MINERAL DISSOLUTION AND NEOCRYSTALLIZATION IN LIMESTONE SOLUTION STRUCTURES: THE CONTROL OF FLUID CHEMISTRY DURING DEFORMATION


EVANS, Mark A., Geology and Planetary Science, Univ of Pittsburgh, 200 SRCC, Pittsburgh, PA 15260, mae6@pitt.edu

Grain-to-grain and stylolitic solution structures in a central Appalachian Siluro-Devonian limestone macroscale fold were examined by optical reflectance microscopy and SEM-EDS in order to characterize their mineralogy and mineral morphology. The structures range in thickness from <10 µm (grain-to-grain) to >500 µm (stylolitic), and each accounts for 10s to 1000s of µm of volume loss normal to the structure. The host rock mineral assemblage is dominantly ferroan calcite ± chlorite ± illite ± authigenic quartz ± authigenic dolomite ± pyrite. The solution structures however, have three distinct mineral assemblages that are characterized by the dominant iron phase present. 1) chlorite ± illite ± magnetite ± calcite ± quartz; where magnetite occurs as clusters of neocrystallized(?) euhedral <0.1 to 0.8 µm crystals within chlorite-illite folia. More rarely magnetite occurs as pseudoframboids that exhibit grain-to-grain dissolution.
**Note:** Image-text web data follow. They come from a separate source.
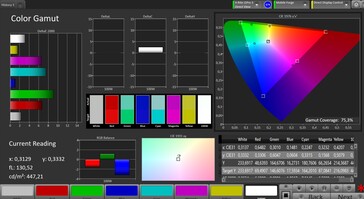 Color space (AdobeRGB; профиль Standard)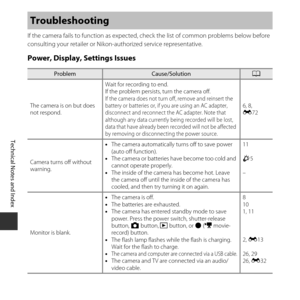 Page 130F8
Technical Notes and Index
If the camera fails to function as expected, check the list of common problems below before 
consulting your retailer or Nikon-authorized service representative.
Power, Display, Settings Issues
Troubleshooting
ProblemCause/SolutionA
The camera is on but does 
not respond. Wait for recording to end.
If the problem persists, turn the camera off.
If the camera does not turn off, remove and reinsert the 
battery or batteries or, if yo
u are using an AC adapter, 
disconnect and...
Where magnetite is present within the solution structures, pyrite is not found. 2) chlorite ± illite ± pyrite ± calcite ± quartz ± TiO2 ± magnetite, where pyrite occurs as <1 to 20 µm euhedral to subhedral grains. These grains are similar to those found in the rock matrix and are interpreted to be passively concentrated during solution. Occasionally, pyrite grains that are partially altered to magnetite are found in these solution structures. 3) chlorite ± illite ± goethite ± calcite ± quartz ± TiO2, where the neocrystallized(?) goethite is characterized by radiating <0.5 µm long needles. In all solution structures, calcite and quartz exhibit significant dissolution and show grain shape alignment parallel to the chlorite-illite folia. Based on the mineral assemblages, the primary control on solution structure mineralogy is the redox conditions present in the solution structures during deformation. The redox conditions may have been controlled by the presence-absence of hydrocarbons and organic acids within the formation fluids, and/or the influx of externally derived fluids during the folding process. The evidence for the growth of new magnetite in the solution structures has significant implications for paleomagnetic applications, and use of AARM and AMS fabrics.